Innovative infographics, developed by GRID-Arendal and partners with support from the UNEP Blue Forests Project, have helped advance discussion of oceanic blue carbon in the arenas of science, economics and policy.
The nine oceanic blue carbon mechanisms for marine vertebrates (Lutz et al. 2018). 1) Marine predators help plants to grow by keeping herbivore populations in check. This helps maintain the carbon storage function of coastal vegetation. 2) The swimming movement of marine animals can stir up nutrients towards surface waters. These nutrients can be used by phytoplankton as they grow, absorbing carbon. 3) Bony fish excrete carbon in the form of calcium carbonate. This raises the pH of seawater and potentially provides a buffer against ocean acidification, which is one effect of climate change. 4) All whales dive underwater to feed and return to the surface to breathe. At the surface, they release buoyant fecal plumes that are rich in nutrients that phytoplankton need to grow. 5) Mesopelagic fish migrate towards the surface at night to feed, then return to deep waters during the day. This helps transport carbon to deep waters where it can be released as fecal pellets. 6) Many whales migrate from nutrient-rich feeding grounds to nutrient-poor breeding grounds. At the breeding grounds, whales release nitrogen-rich urea that can stimulate phytoplankton growth. 7) Fish eat and repackage food into carbon-rich fecal pellets that sink rapidly. Fecal material that reaches the deep sea can remain locked away for hundreds to thousands of years. 8) All living things are made of carbon and thus serve as carbon reservoirs throughout their lifespans. The larger and more long-lived the animals, the more carbon is stored. 9) When large marine vertebrates die, their carcasses sink to the seafloor. There, the carbon inside their carcasses can support deep-sea ecosystems and be incorporated into marine sediments.

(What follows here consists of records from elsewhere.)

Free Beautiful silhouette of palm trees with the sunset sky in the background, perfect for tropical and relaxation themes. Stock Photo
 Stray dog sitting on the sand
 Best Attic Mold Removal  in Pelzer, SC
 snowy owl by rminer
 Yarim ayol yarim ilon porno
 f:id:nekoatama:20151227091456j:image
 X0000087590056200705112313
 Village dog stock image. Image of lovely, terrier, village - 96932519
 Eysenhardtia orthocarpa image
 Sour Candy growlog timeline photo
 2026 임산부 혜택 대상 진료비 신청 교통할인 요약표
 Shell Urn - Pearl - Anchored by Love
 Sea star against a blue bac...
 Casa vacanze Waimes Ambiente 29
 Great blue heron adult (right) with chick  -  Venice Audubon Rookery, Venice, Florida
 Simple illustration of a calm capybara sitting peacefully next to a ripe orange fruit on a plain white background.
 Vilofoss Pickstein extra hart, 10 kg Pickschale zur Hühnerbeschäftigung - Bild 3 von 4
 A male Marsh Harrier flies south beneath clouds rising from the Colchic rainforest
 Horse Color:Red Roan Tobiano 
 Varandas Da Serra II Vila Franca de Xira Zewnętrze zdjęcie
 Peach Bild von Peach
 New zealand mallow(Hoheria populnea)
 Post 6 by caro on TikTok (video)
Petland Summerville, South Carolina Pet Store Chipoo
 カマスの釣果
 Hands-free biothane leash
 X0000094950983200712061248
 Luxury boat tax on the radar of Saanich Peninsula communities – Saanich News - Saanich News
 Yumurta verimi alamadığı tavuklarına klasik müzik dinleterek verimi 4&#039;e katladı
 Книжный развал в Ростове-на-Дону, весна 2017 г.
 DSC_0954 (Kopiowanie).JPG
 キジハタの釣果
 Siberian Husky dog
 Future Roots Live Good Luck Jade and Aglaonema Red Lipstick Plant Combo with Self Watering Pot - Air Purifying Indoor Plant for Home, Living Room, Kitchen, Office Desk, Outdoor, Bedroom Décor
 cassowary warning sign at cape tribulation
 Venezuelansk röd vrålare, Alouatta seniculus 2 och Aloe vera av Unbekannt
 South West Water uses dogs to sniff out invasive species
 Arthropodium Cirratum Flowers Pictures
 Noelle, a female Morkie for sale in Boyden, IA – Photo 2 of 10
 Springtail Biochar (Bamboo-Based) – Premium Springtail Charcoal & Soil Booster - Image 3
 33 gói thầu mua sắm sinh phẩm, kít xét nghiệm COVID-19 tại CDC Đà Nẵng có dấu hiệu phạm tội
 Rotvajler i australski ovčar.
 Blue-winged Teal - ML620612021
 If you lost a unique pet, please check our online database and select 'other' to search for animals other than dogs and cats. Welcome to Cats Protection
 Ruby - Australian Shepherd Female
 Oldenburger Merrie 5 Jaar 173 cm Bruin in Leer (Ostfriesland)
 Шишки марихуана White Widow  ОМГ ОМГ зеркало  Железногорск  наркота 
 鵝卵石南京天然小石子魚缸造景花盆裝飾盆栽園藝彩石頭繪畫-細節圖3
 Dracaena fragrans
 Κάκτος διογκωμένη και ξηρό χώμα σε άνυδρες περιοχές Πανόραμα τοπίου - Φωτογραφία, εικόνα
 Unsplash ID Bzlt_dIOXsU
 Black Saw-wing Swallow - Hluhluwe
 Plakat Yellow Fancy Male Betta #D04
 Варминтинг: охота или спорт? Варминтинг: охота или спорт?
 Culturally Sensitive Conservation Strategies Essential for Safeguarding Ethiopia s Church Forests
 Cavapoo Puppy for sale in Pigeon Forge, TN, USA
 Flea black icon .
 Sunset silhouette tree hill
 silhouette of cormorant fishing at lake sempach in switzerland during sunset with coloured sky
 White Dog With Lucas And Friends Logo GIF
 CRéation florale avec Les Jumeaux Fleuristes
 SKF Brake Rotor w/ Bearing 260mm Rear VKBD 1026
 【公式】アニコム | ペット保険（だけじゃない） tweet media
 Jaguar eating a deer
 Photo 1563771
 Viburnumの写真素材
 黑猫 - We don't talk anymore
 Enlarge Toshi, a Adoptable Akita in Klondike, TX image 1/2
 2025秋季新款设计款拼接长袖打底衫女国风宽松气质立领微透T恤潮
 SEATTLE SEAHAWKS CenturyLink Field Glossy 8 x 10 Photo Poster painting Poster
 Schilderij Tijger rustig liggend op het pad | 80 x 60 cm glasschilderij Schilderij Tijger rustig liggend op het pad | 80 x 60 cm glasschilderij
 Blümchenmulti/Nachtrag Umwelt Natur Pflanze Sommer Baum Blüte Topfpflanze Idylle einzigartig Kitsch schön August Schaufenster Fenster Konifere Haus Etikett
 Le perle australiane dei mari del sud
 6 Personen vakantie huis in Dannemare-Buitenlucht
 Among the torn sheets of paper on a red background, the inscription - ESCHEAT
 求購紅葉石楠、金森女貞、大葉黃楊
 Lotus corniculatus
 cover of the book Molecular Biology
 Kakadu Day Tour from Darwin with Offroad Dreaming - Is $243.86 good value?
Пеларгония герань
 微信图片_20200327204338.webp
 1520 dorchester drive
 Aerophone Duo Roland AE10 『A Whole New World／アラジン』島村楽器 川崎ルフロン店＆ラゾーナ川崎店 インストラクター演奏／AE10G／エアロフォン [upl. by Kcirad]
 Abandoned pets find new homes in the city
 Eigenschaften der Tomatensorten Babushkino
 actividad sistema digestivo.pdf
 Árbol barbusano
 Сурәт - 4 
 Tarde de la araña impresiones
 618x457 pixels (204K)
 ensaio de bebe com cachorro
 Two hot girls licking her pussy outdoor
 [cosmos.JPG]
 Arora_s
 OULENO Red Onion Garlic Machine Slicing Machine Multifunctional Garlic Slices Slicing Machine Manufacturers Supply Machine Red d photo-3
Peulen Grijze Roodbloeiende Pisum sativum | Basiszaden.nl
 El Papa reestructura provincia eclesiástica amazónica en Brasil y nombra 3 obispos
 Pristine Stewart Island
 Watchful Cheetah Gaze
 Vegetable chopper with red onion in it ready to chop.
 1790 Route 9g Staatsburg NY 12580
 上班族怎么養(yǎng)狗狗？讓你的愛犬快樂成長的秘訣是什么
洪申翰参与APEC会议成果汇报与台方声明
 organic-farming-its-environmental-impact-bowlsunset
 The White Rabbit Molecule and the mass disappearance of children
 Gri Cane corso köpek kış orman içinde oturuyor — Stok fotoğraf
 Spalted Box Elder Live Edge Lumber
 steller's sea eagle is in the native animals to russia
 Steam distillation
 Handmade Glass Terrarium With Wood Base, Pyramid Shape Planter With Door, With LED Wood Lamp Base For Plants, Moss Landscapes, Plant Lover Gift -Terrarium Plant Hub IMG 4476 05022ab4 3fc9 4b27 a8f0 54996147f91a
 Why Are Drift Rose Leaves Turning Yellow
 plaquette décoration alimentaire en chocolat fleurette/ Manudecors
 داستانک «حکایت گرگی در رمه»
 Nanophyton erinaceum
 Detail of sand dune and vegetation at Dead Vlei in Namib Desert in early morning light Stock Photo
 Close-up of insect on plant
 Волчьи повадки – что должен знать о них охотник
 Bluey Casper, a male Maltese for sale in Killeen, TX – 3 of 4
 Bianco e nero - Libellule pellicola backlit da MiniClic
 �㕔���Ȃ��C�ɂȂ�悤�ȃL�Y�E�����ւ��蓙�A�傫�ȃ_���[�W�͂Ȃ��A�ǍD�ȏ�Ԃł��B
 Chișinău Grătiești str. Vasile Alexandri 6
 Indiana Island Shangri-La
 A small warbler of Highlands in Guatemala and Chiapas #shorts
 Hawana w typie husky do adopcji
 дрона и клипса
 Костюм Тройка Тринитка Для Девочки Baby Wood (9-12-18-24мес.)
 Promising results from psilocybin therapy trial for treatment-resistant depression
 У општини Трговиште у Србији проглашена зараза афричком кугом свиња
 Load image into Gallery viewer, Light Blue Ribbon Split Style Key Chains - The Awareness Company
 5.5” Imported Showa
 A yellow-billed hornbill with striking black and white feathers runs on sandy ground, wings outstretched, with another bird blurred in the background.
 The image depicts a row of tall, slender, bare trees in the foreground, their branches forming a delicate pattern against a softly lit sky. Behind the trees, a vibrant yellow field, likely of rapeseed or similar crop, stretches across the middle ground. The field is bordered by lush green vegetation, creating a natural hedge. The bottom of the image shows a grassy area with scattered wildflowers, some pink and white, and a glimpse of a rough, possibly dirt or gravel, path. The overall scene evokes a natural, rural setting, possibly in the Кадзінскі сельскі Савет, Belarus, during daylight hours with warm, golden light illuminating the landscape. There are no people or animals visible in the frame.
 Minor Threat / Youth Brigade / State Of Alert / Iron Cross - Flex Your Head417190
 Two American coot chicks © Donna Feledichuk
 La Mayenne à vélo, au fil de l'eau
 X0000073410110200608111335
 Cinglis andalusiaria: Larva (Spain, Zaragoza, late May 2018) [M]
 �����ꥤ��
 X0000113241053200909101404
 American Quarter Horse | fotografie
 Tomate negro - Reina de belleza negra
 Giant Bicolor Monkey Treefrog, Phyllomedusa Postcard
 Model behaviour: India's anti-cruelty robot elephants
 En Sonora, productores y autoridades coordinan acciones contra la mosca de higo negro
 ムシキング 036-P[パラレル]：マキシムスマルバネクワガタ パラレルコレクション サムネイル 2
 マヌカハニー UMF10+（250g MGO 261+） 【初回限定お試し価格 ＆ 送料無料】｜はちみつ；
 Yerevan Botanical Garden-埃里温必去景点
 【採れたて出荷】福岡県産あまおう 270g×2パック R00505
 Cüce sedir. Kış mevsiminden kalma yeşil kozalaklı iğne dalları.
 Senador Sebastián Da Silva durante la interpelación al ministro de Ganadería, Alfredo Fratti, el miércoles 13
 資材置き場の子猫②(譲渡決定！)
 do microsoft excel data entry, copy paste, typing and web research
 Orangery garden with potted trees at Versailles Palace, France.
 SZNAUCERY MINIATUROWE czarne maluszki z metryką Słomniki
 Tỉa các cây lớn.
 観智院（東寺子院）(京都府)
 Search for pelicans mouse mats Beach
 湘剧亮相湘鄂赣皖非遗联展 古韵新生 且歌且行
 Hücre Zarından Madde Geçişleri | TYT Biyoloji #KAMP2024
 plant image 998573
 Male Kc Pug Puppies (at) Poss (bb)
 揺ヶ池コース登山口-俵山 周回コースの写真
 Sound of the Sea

"To solve this international public goods problem, we must first ask, What is the monetary value of a whale? Proper valuation is warranted if we are to galvanize businesses and other stakeholders to save the whales by showing that the benefits of protecting them far exceed the cost. We estimate the value of an average great whale by determining today’s value of the carbon sequestered by a whale over its lifetime, using scientific estimates of the amount whales contribute to carbon sequestration, the market price of carbon dioxide, and the financial technique of discounting. To this, we also add today’s value of the whale’s other economic contributions, such as fishery enhancement and ecotourism, over its lifetime. Our conservative estimates put the value of the average great whale, based on its various activities, at more than $2 million, and easily over $1 trillion for the current stock of great whales" (Chami et al. 2019).
"In recent years, scientists have discovered that whales have a multiplier effect of increasing phytoplankton production wherever they go. How? It turns out that whales’ waste products contain exactly the substances—notably iron and nitrogen—phytoplankton need to grow. Whales bring minerals up to the ocean surface through their vertical movement, called the “whale pump,” and through their migration across oceans, called the “whale conveyor belt” (Chami et al. 2019).
"Whales produce climate benefits that are dispersed all over the globe. And because people’s benefits from the existence of whales do not diminish the benefits that others receive from them, they are a textbook public good" (Chami et al. 2019).
41 nations endorsed two whale carbon resolutions at the 2018 meeting of the International Whaling Commission (Lutz and Pearson 2018).